Importance of deformed ice in polar regions for climate models

Sea ice comes in a variety of sizes and shapes depending on the mechanical and thermodynamical events it has undergone. New ice offers little resistance to the winds and currents, while deformed ice contains hummocks and ridges that influence how heat and momentum are transferred at the atmosphere-ice-ocean interfaces. In most climate models, the surface fluxes are determined from "bulk formulas" with constant drag coefficients based on roughness length estimates. Therefore, these formulations do not account for the space-time variability of transfer coefficients due to variations in ice roughness. However, the ice roughness can be estimated from the models by quantifying the amount of deformed ice (Tsamados et al, 2013).
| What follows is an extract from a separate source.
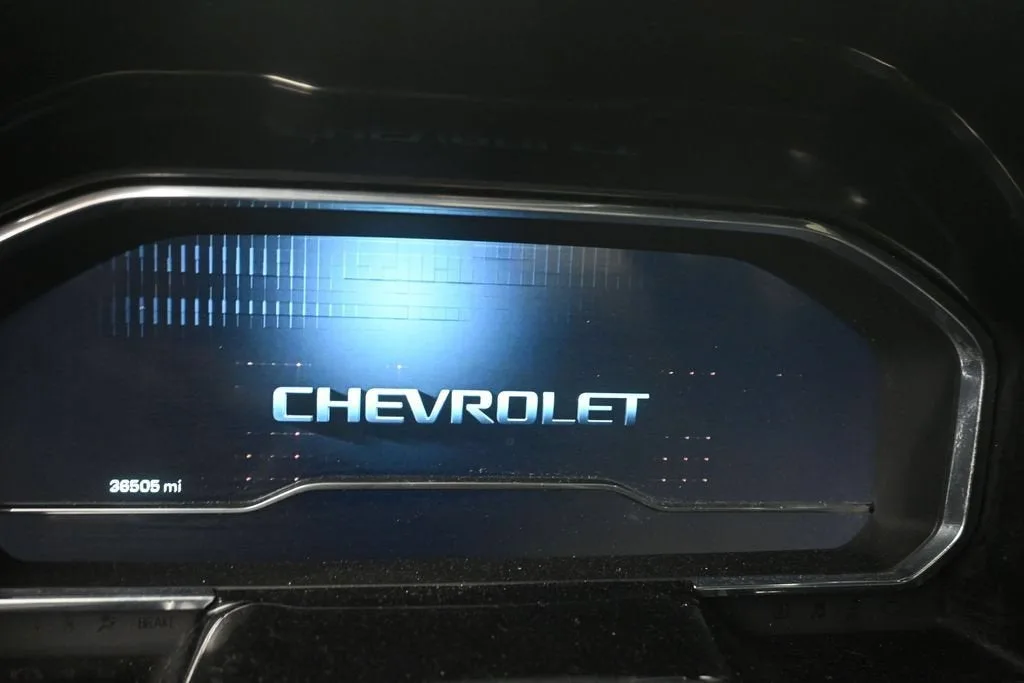 2023 Chevrolet Silverado 1500 LT photo 10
To study the effect of ice deformation on the surface fluxes and the associated impact on the sea ice, we implement a tracer of deformed ice into the ocean-ice model NEMO-LIM3 v3.6 and modify the drag coefficients accordingly. From a run of NEMO-LIM3 between 1990 and 2010 at 1 degree resolution, we examine the spatial and temporal evolution of the drag coefficients in the Arctic and Antarctic regions. We investigate possible effects on the surface fluxes and impacts on the sea ice state. This study allows us to formulate an initial assessment on the importance of deformed ice variability for the current climate models.